Renewable energy assets are in a bubble that has led to a string of deals with “crazy” valuations, according to the chief executive of Total, one of the world’s biggest oil and gas companies. The warning from Patrick Pouyanné comes as the industry’s heavyweights are caught between sustaining fossil fuel-based businesses that generate the bulk of both their profits and the cash for dividends, while facing louder calls to increase investment in clean energy.
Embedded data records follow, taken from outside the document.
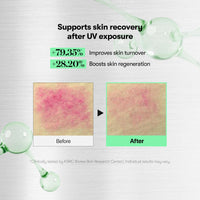 Thumbnail for VT COSMETICS CICA Reedle Shot 700, Spicule Microneedling Serum for Pore Care&Exfoliation, Exosome&Centella Asiatica for Glass Skin, Acne&Blemish Care, Korean Liquid Skin Booster (1 Fl Oz / 30ml)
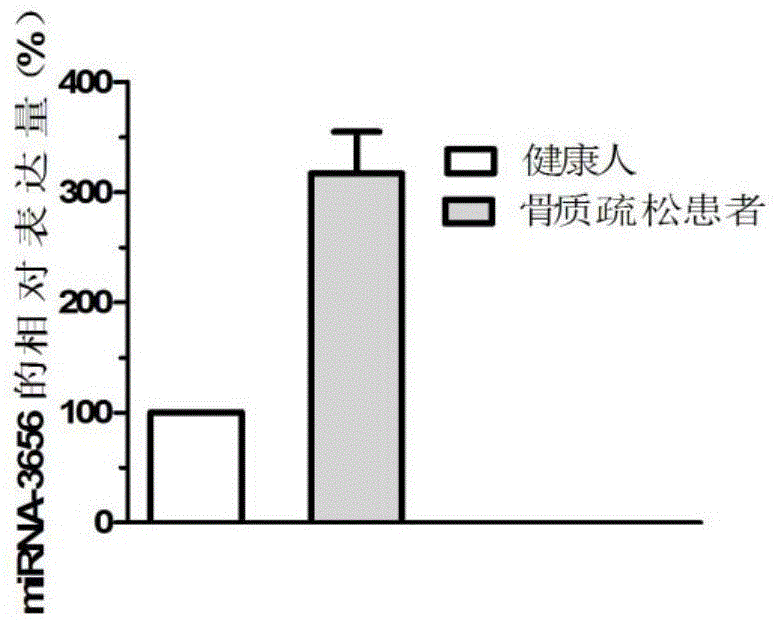 绝经后骨质疏松的诊疗标志物的制作方法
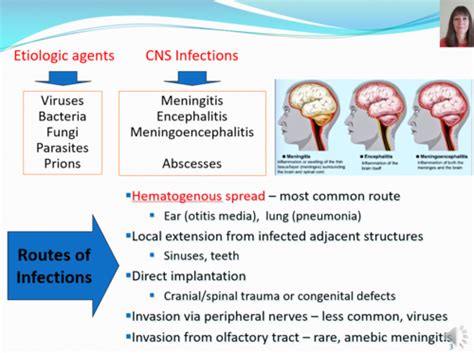 meningitis transmission route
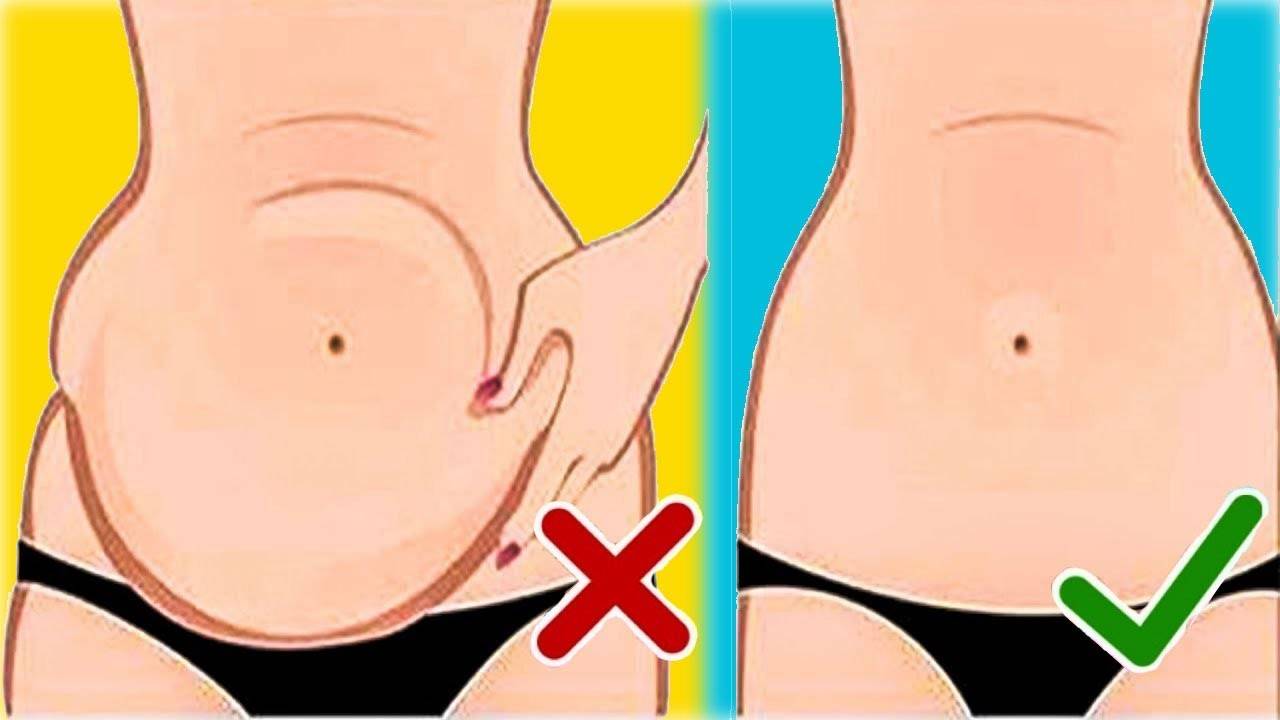 Причины обвисшего живота и как его убрать?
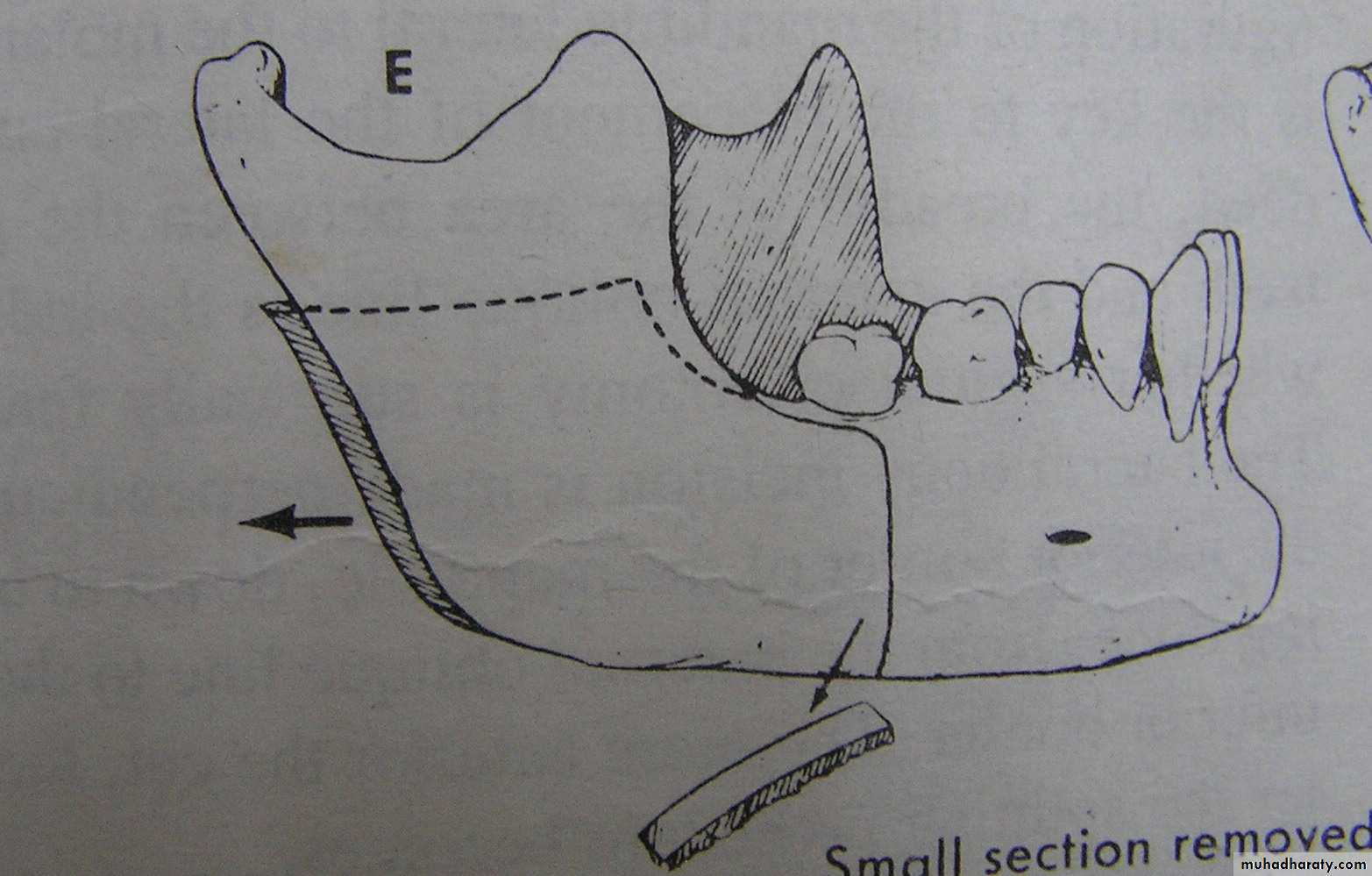 orthognathic surgery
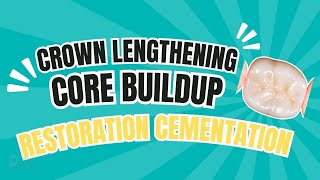 Crown lengthening, core buildup & restoration cementation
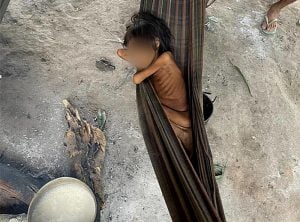 Nove crianças Yanomami morrem por falta de atendimento em dois meses, diz associação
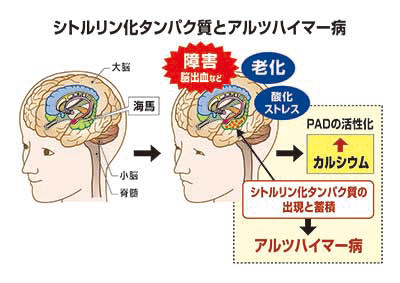シトルリン化タンパク質とアルツハイマー病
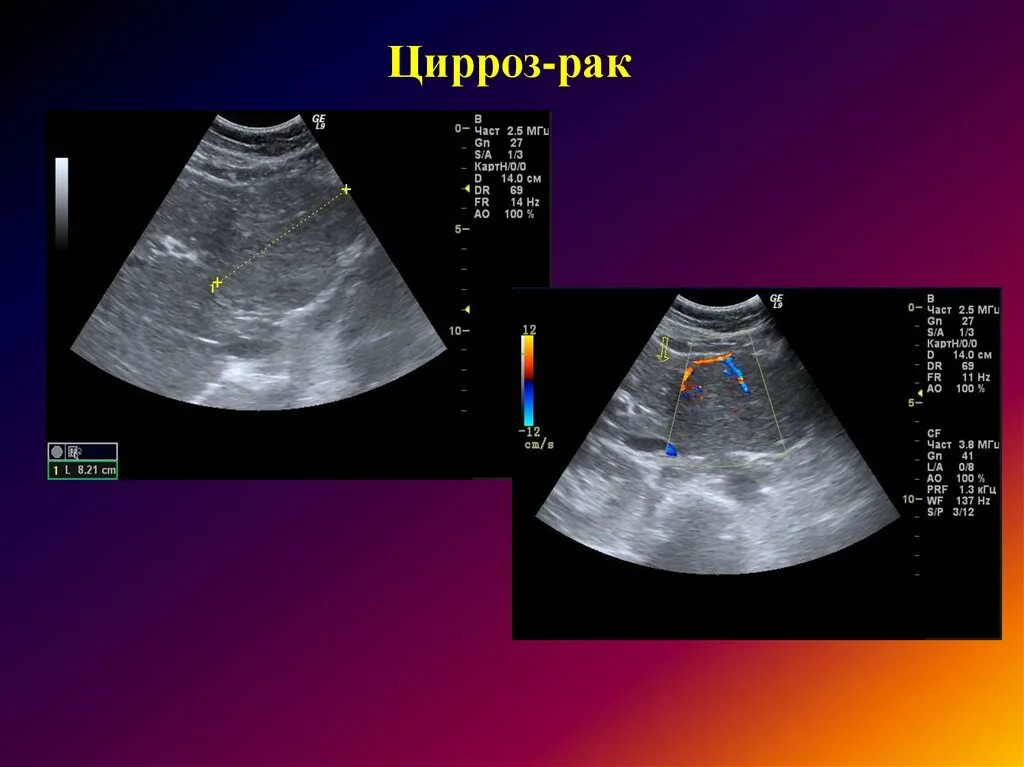 Цирроз печени УЗИ лучевая диагностика. Диффузные поражения печени лучевая диагностика. УЗИ печени Диагностер. Диагноз диффузная печени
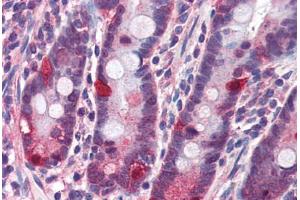 Human Small Intestine (formalin-fixed, paraffin-embedded) stained with NOD2 antibody ABIN351444 at 3 ug/ml followed by biotinylated goat anti-rabbit IgG secondary antibody ABIN481713, alkaline phosphatase-streptavidin and chromogen.
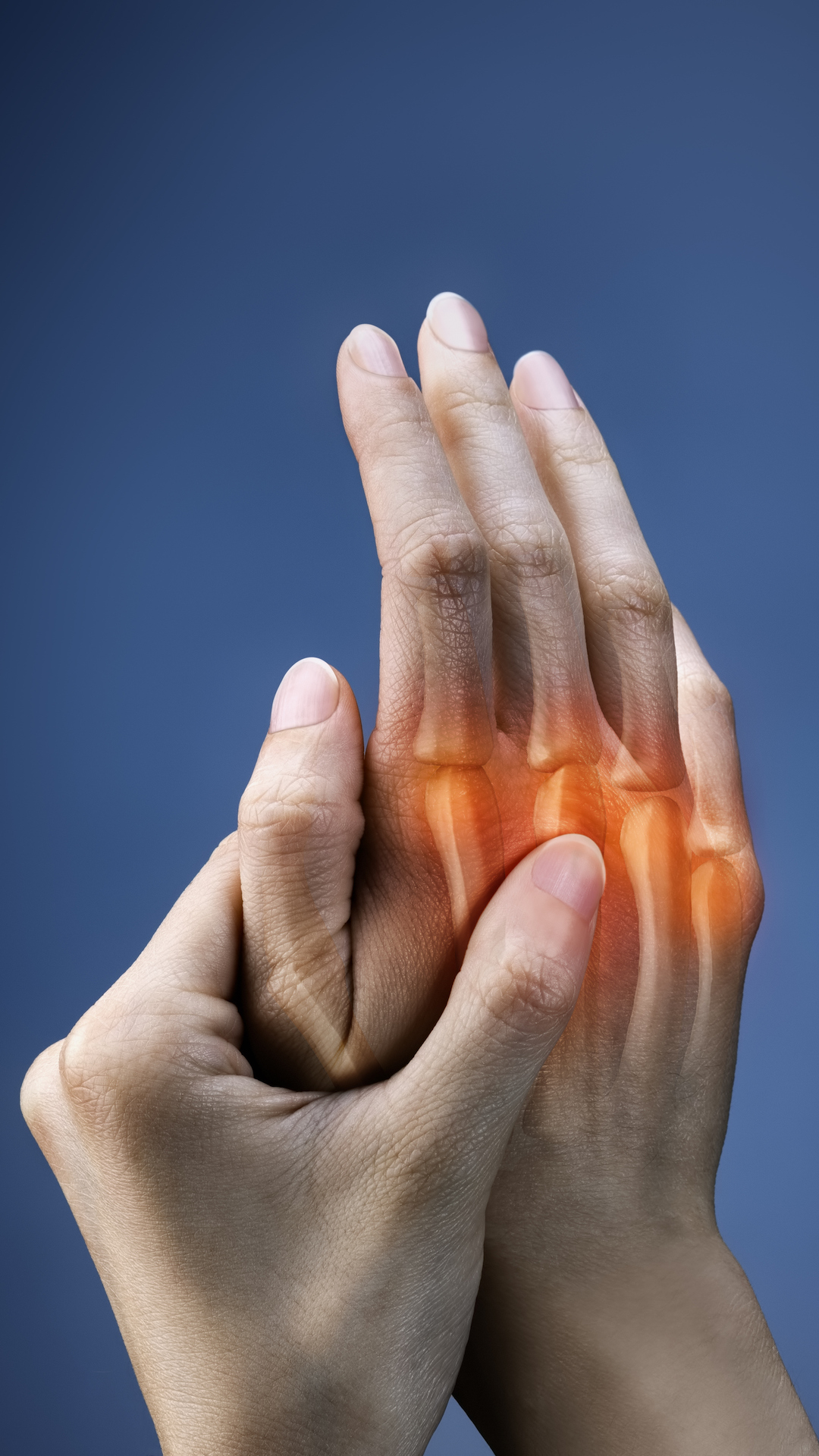 Arthritis in the Fingers and Knuckles: Pictures and Symptoms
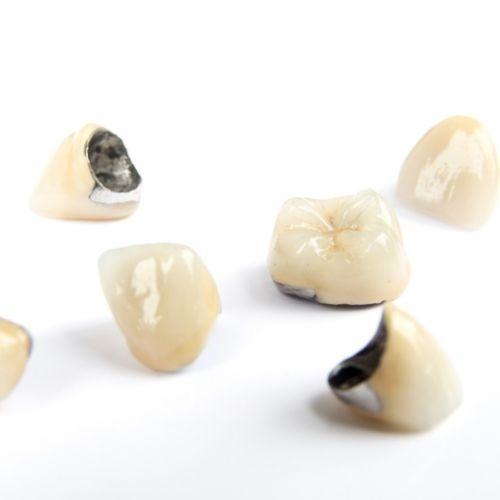 Coronas dentales de porcelana y metal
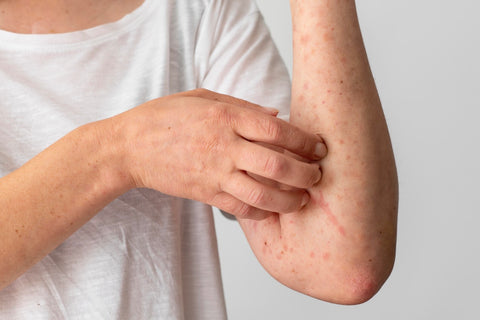 5 things you should try to prevent being Itchy skin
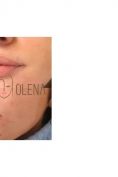 Aumento labbra - Foto del prima - Dott.ssa Olena Zinchenko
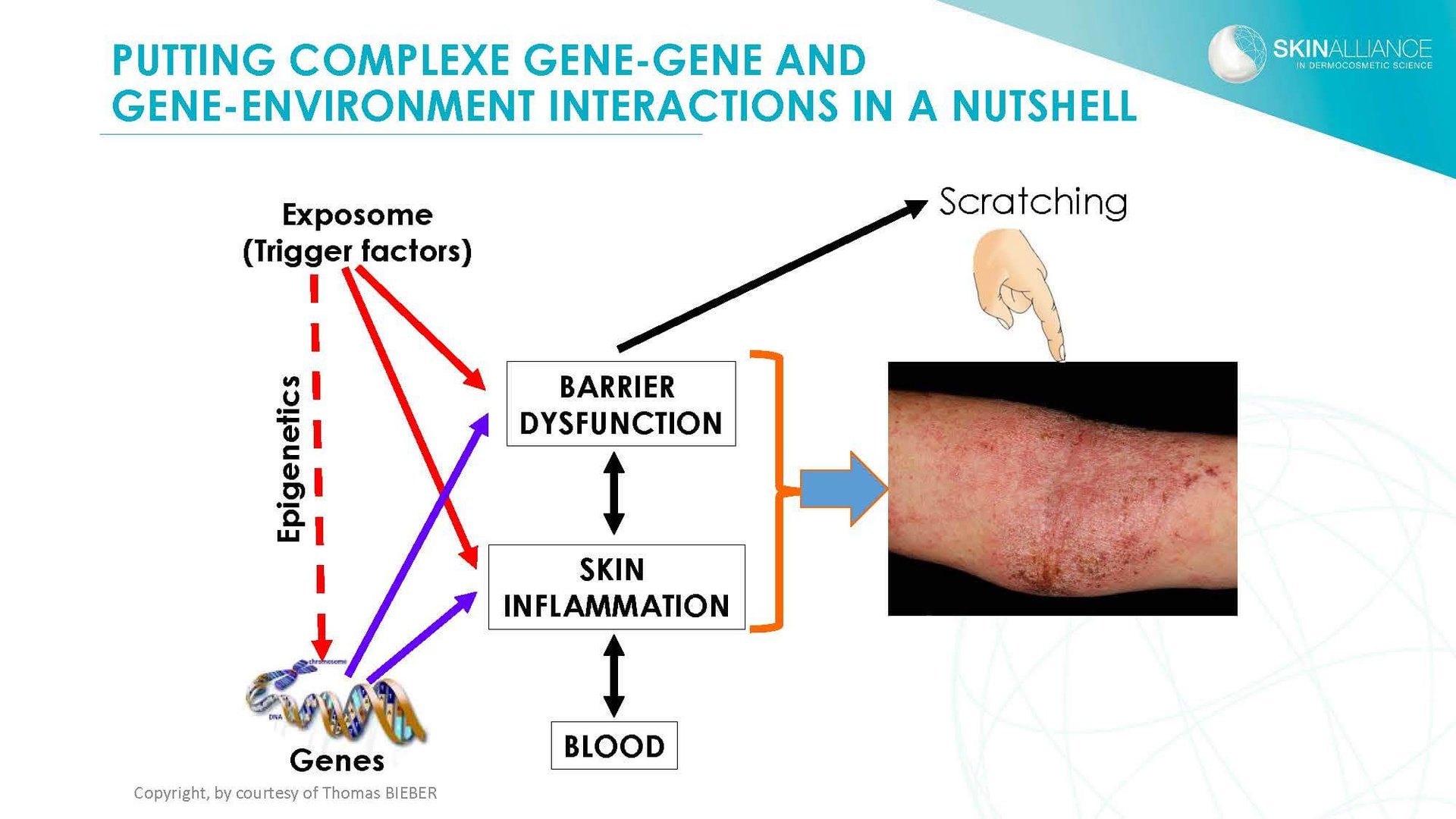 J2 Thomas Bieber - Cosmetics in Inflammatory Skin Diseases_Page_15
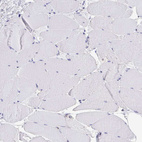 Anti-CHMP5 Antibody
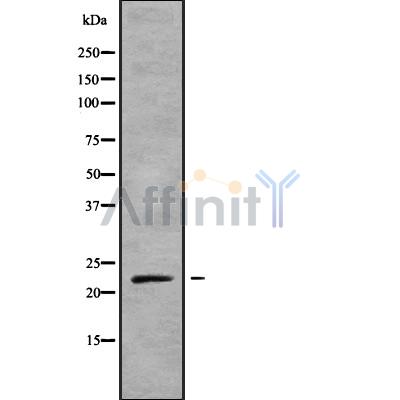 NKIRAS1 Antibody - Western blot analysis NKIRAS1 using mouse liver lysates.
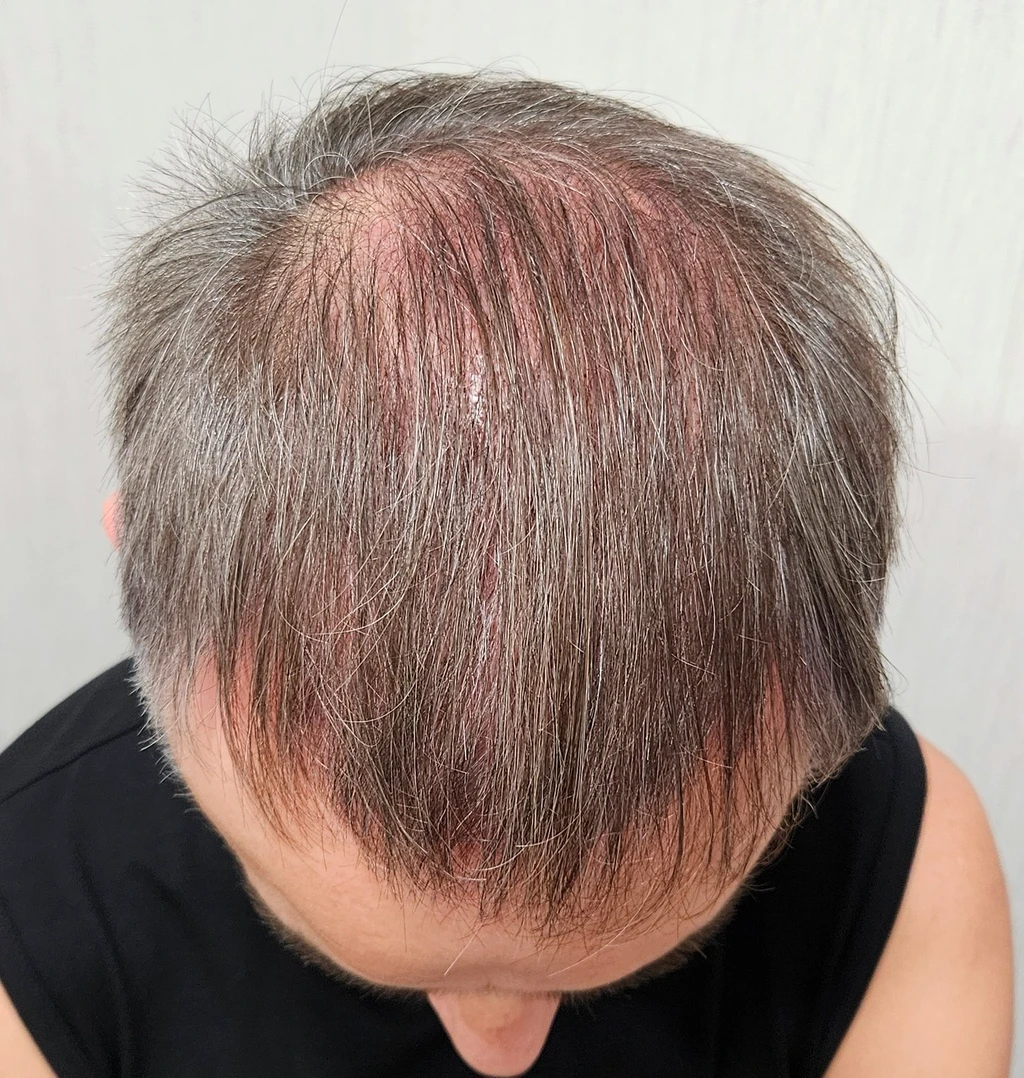 Resultado al año de trasplante capilar FUE de pelo largo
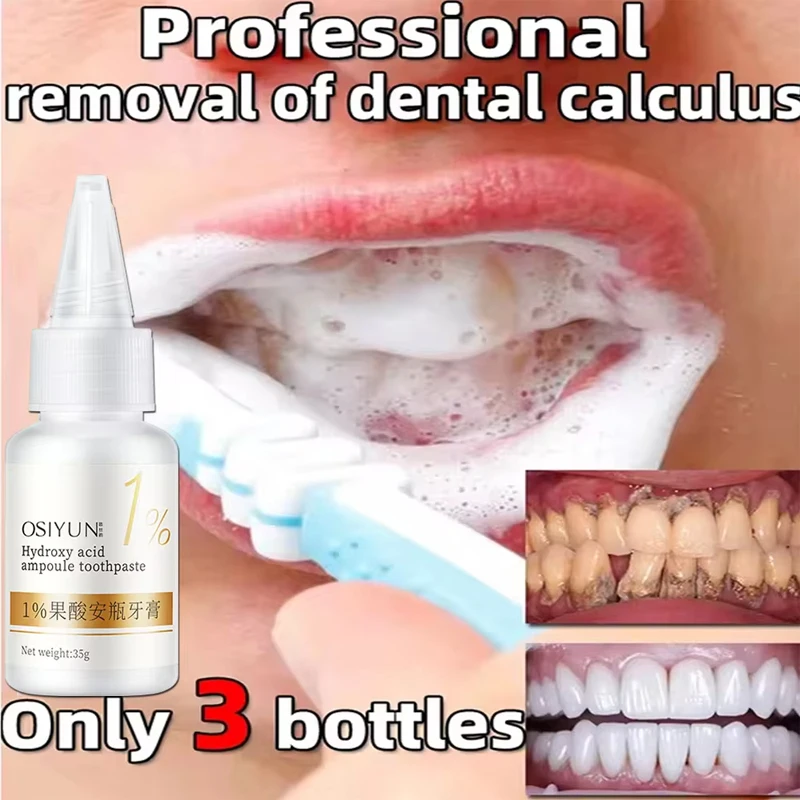 Teeth Whitening Toothpaste Fru - огляд і ціна Teeth Whitening Xylitol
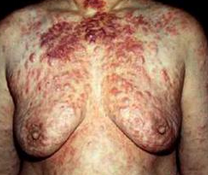 Lancet infect dis：皮肤利什曼病的全球负担（2013世界疾病负担研究）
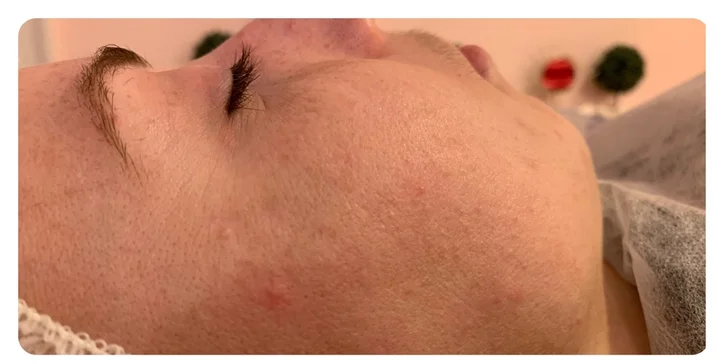 Ultrazvukové čištění pleti, anti-age peeling nebo omlazující kúra dle výběru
Total is no exception. In a wide-ranging interview, Pouyanné said he wants the group to be recognised not “as an oil and gas company, but as an energy company”. The Paris-based multinational has pledged billions in renewables investment, targeted net-zero emissions by 2050 and proposed renaming the company TotalEnergies, which its shareholders will vote on in May.
However, “there is a bubble” in the renewables sector, Pouyanné cautioned. Valuations that are often up to 25 times earnings are “just crazy today” , the Total chief added, putting that down to the short supply of assets of a significant scale. They are “too scarce”. Total was one of several major oil companies, BP among them, that earlier this month paid what one analyst described as “staggering” prices for the leases to UK offshore wind projects.
In a thinly veiled swipe at BP, which was part of the highest-bidding consortium, he said: “When we come, we don’t pay too much.” With European oil and gas companies under particular pressure to steer their portfolios towards cleaner forms of energy, Pouyanné is not shocked at the frenzy over renewables as sellers seek out the deepest pockets.